What follows is probably my last post related to the Esri User Conference and is highly Esri-centric. Open-source readers may want to jump off here, or exercise a willing suspension of disbelief.

A couple of posts ago, I did something that I generally try to avoid. I took Esri to task for its confusing product names without really offering any thoughts on how to make things better. I don’t really like it when people do that to me so I’ll try to correct that here. It bears noting that I was not the only person feeling this way at the UC. I was happy to see Adena’s post over at Directions touch on this and it also came up in a number of conversations I had while I was in San Diego.

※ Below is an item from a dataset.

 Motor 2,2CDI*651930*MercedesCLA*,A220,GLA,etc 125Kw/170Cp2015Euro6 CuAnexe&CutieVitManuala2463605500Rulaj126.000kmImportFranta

Here are some things that I think may help. They represent most of the stumbling blocks I typically encounter when doing consulting/integration with Esri-centric users, especially new ones.

Spaghetti”. Licensed under Wikimedia Commons.

  1. Retire the “Arc” prefix – It’s confusing to have a relatively meaningless and seemingly random (to new users) prefix attached to everying. If you are moving to a platform concept, shouldn’t that platform just bear your name? The company is Esri, the platform should be “Esri GIS” or something. Don’t hide from your own product line. “Arc” is a verbal stumbling block. Try telling a user how to publish a map online and see how many times you say “Arc.” Is it any wonder they get confused? It’s like the old dog food commercial, except all they hear is “Blah blah Arc blah Arc blah blah Arc.”
  2. Acknowledge four environments for the platform – Mobile, Desktop, Server, Online. Period. “Esri GIS Desktop” or “Esri GIS Server” for example. Clean up spurious products that just clutter the menu. The current Explorer? Esri GIS Mobile (resist the urge to tack on “for iOS”). The current Portal? Esri GIS Online (Online can offer a hosted or on-premise version). What’s the distinction between Esri GIS Server and an on-premise instance of Esri GIS Online? I don’t know. Those are your waters to unmuddy.
  3. One Desktop – Basic? Standard? Advanced? How about just Desktop? After 15 or so years of selling the three tiers, you should have enough data on the sales mix to set one normalized price for a fully-functional desktop product and be done with it. I suspect that price would hover somewhere between the current prices of Basic and Standard, perhaps closer to Standard. Everybody pays one price, everybody gets the current Advanced product. If nothing else, that code base should have long since paid for itself. Then you’ll be better positioned for the inevitable transition to Esri GIS Pro (which could really just be the next Esri GIS Desktop) that everyone sees coming. Need more? Buy extensions.
  4. Speaking of Extensions – You can have too much of a good thing. Roll some of them into core products (like Spatial Analyst). Doing so will assure users that a common set of tools will be available as they move between the environments (see item number 2). Furthermore, stop calling everything an “extension,” which exacerbates the need for cumbersome qualifiers like “for Desktop” and “for Server.” Choose a standard nomenclature for each environment and stick with it. Desktop can have “extensions” and server can have “adapters,” for example. Then I know that a discussion about the Network Analyst Adapter is focused on Server.
  5. Stop changing product names – Take any of the suggestions above, or do something else entirely. But, whatever you do, leave it alone once you’re done. At least for a couple of dot releases, anyway.